Bugün “Bin Umut” adayları, antidemokratik seçim sistemini aşmak, mecliste emeğin, insanlığın ve kardeşliğin sesi olmak için birleşip bağımsız milletvekili adayı oldular.
Bu onurlu ve cüretli çıkış, düzen partilerinin paniğe kapılmasına neden olurken, emekten yana namuslu çevreler, işçiler, emekçiler ve özelde de Kürt halkı tarafından coşkuyla karşılandı.
Çarlık Rusya’sında, ve daha önce ülkemizde tüm zorluklara rağmen elde edilen başarının bugün de gerçekleşmesinin önünde bir engel yoktur. İşçilerin ve emekçilerin kendi adaylarına ve demokratik haklarına sahip çıkma isteği dün olduğu gibi bugün de ön plandadır. Bu girişim ve çalışma, gerici mihraklarda korkuyla karışık erken önlem almayı da beraberinde getirmiştir. Düzen partilerindeki panik, bağımsızların meclis çatısı altında yar alacaklarını öngörmelerinden kaynaklanmaktadır. Onlar oldukça eminler, önemli olan aynı öngörüyü ve inancı bizlerin de taşımasıdır. Onlar, seçilmeleri halinde halkın temsilcilerini nasıl saf dışı edeceklerinin hesaplarını yaparken, bizler de kendi temsilcilerimize nasıl sahip çıkmamız gerektiğinin hazırlıklarını yapmalıyız.
Pravda’nın yüz yıl önce yaptığı çağrıyı bugün de tekrar etmek, zafere giden yolun ilk adımı olacaktır: “Bin Umut adaylarını destekleyen her namuslu insan, “en az üç mesai arkadaşının veya komşusunun oyunu kazanmalıdır…”
[1] Altı milletvekilinden biri olan Malinovski, ansızın ortalıktan kayboldu. Ülkeyi terk eden Malinovski’nin polisle işbirliği yaptığı, ajan-provokatör olduğu açığa çıktı.
[2] 1965 seçimlerinde meclise 15 milletvekili göndermeyi başaran TİP milletvekillerine karşı uygulanan linç girişimi ve DEP milletvekillerinin meclis çatısı altından derdest edilip kısa sürede 15 yıla mahkum edilmeleri şaşırtıcı bir benzerliktir.

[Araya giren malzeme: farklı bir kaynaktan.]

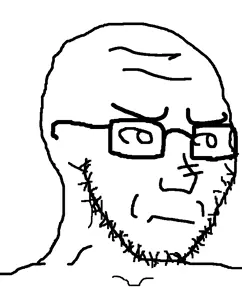 soyak, soyak (irritated), closed mouth, eyebrows, forehead lines, frown, glasses, hehenonomoheji, henohenomoheji, looking to the right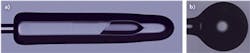 FIGURE 4. Final probe designs could include: a) A complete all-fiber fiberoptic probe with capillary tube encapsulation; b) a fiber probe with a ball lens tip that could be used as a beam deflecting device by replacing the micro-prism if the edge of the ball is polished to flat with a Brewster angle. FIGURE 4. Final probe designs could include: a) A complete all-fiber fiberoptic probe with capillary tube encapsulation; b) a fiber probe with a ball lens tip that could be used as a beam deflecting device by replacing the micro-prism if the edge of the ball is polished to flat with a Brewster angle.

[3] DTP’nin ortak bağımsız adaylarla seçime gireceği belli olduğunda, adayların önünü kesmek için birleşik oy pusulası sıralamasında yer almalarını sağlayan yasa kısa bir zaman diliminde meclis çoğunluğunca onaylandı.
[4] Mersin bağımsız milletvekili adayı, Orhan Miroğlu’yla aynı oy pusulasında yer alan ve isim benzerliği olan Orhan Köroğlu ismi düşündürücüdür.
[5] Çarlık yasaları, Yahudilerin ikamet edebilecekleri bölgeleri sınırlıyordu. Kendileri için belirlenmiş yerleşim bölgelerinin dışında yaşayan Yahudilerin %95’i oy kullanma hakkından yoksun bırakılmıştı.